_GOAL OF THE EXERCISE_. Range to repeat from the listing below: the line containing "Black Square Heels Platform Boots | ZORKET" down to the line containing "Imagen de la", both included. Copy it exactly, pictures excluded, and add nothing else.

_RECORDS_.
* * * * *

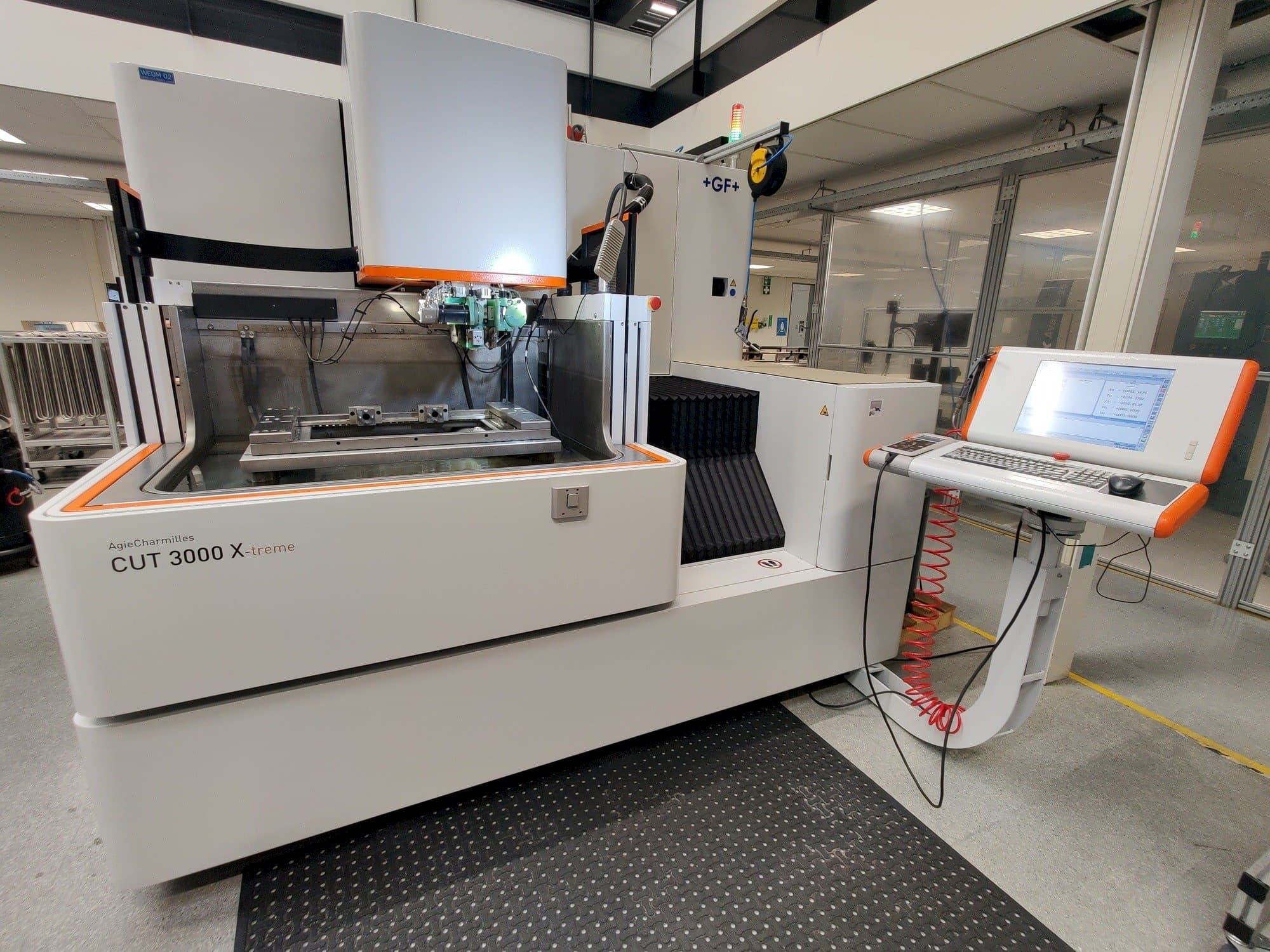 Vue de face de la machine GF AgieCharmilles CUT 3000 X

* * * * *

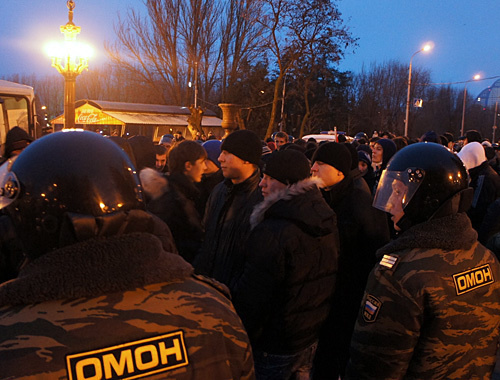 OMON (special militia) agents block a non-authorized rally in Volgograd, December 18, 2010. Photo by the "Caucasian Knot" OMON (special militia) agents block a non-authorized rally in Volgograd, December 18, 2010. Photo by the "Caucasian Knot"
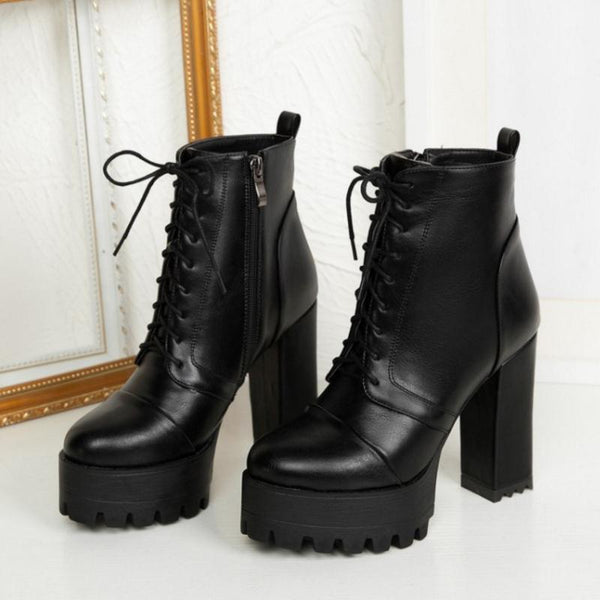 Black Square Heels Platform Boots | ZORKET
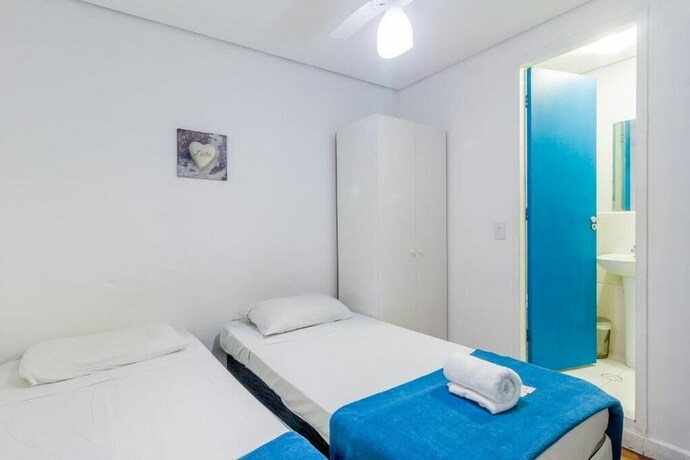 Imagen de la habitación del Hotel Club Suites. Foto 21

* * * * *

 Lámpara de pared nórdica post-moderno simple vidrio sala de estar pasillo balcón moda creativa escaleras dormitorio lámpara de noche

* * * * *

_ANSWER FOR THE TASK_.
 Black Square Heels Platform Boots | ZORKET
 Imagen de la habitación del Hotel Club Suites. Foto 21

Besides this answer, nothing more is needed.